Supplied records START

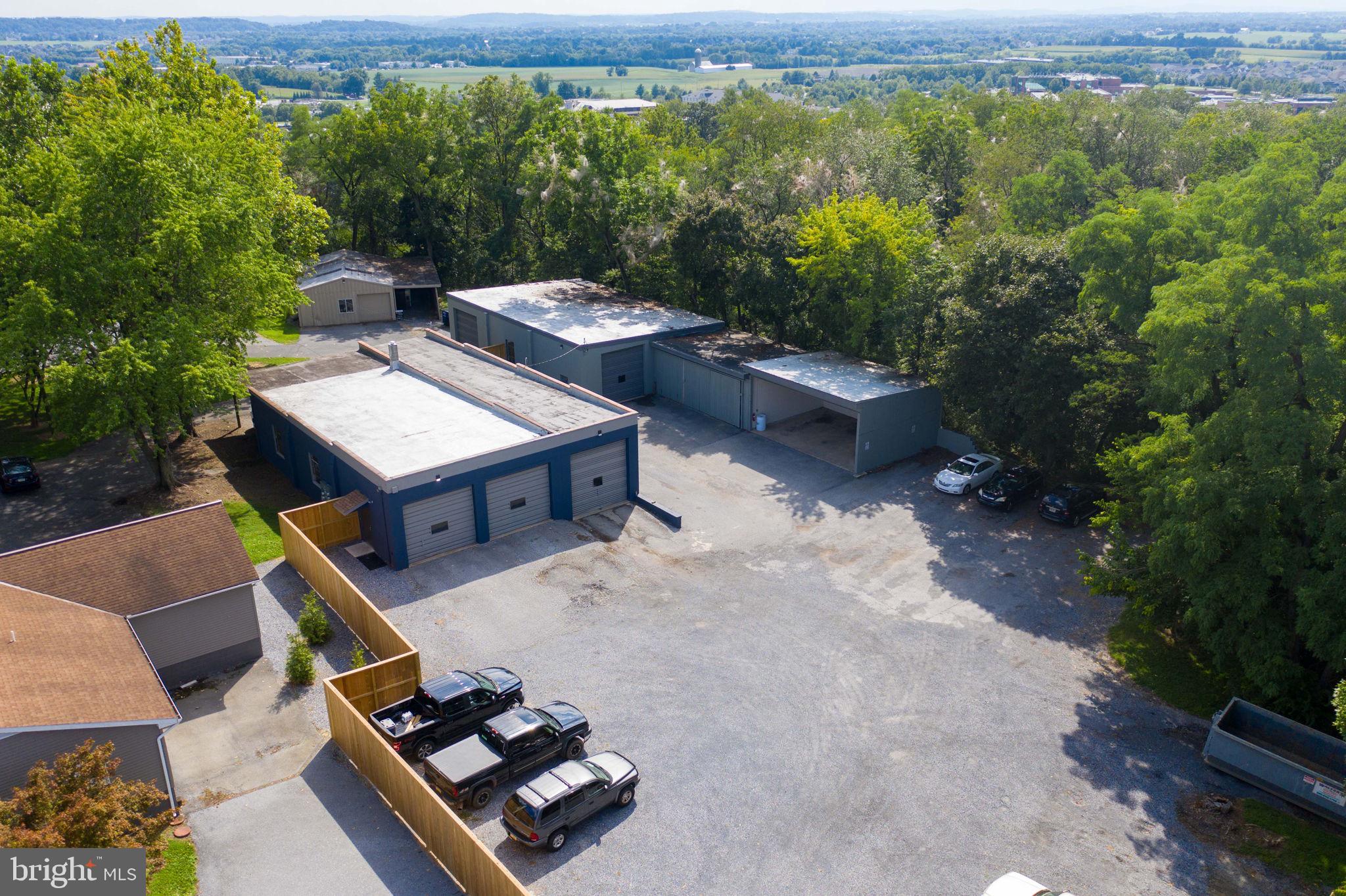 WARWICK - Commercial Sale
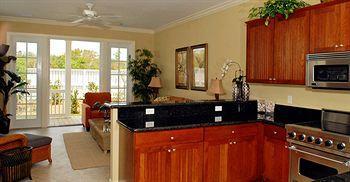 Angler's Reef Resort 2*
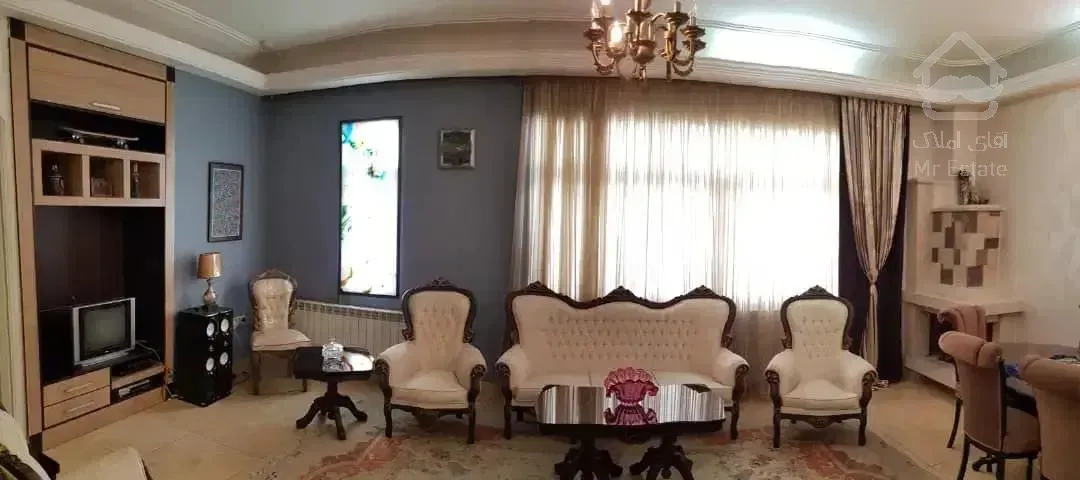 87متر ابتدا اقبال/فول/غرق نور/چسبیده به مترو/کارنو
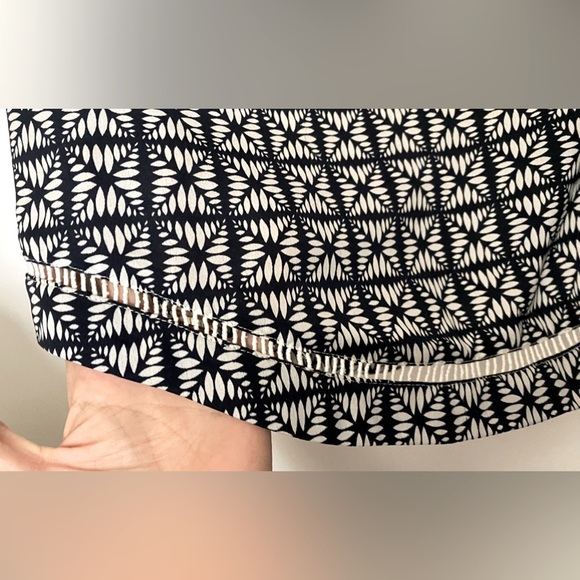 J. Crew Navy and White Pattern Blouse Size XS - Picture 3 of 7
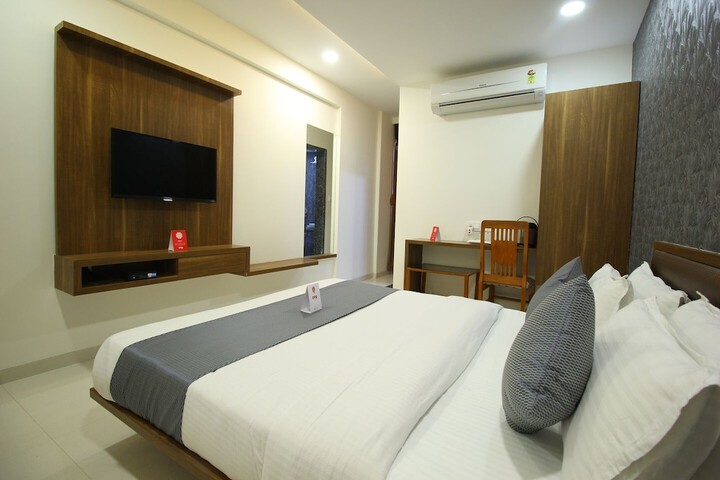 Room 27 of 54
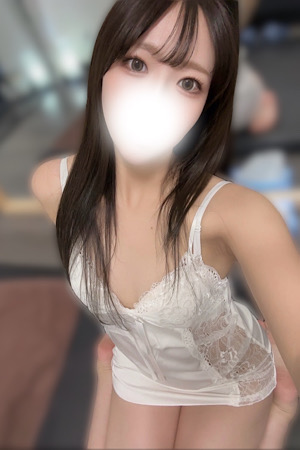 白藤りこ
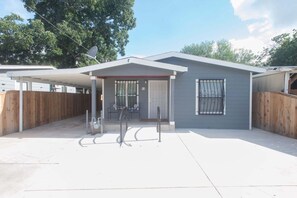 Exterior - Brunswick Bungalow 6ppl (San Antonio)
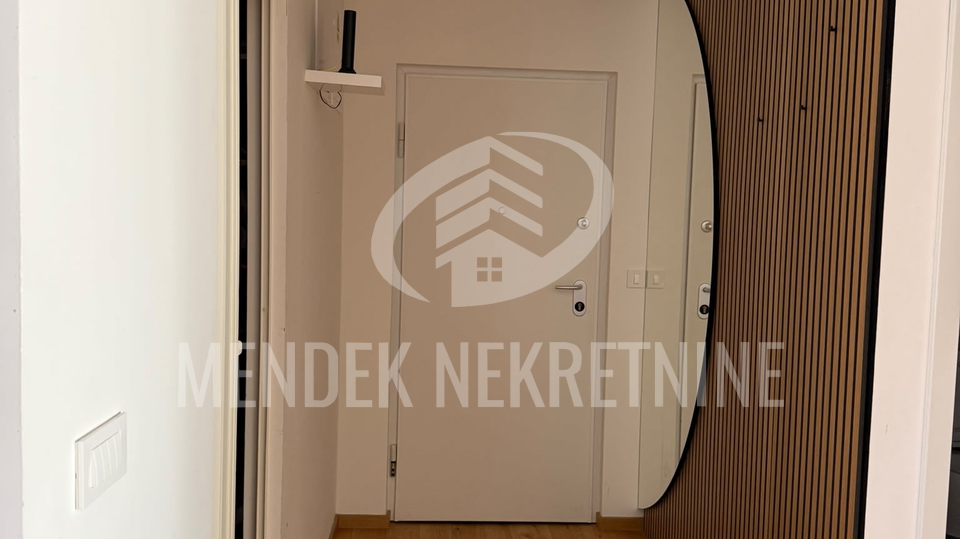 NOVOGRADNJA-STROGI CENTAR Moderan stan s 2 parkirna mjesta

Supplied records END

| What needs to be done |
Only the lines from the one containing "Angler's Reef Resort 2*" through the last line of the entries, both included, should be repeated exactly, and the pictures should be left out.

| Written reply |
 Angler's Reef Resort 2*
 87متر ابتدا اقبال/فول/غرق نور/چسبیده به مترو/کارنو
 J. Crew Navy and White Pattern Blouse Size XS - Picture 3 of 7
 Room 27 of 54
 白藤りこ
 Exterior - Brunswick Bungalow 6ppl (San Antonio)
 NOVOGRADNJA-STROGI CENTAR Moderan stan s 2 parkirna mjesta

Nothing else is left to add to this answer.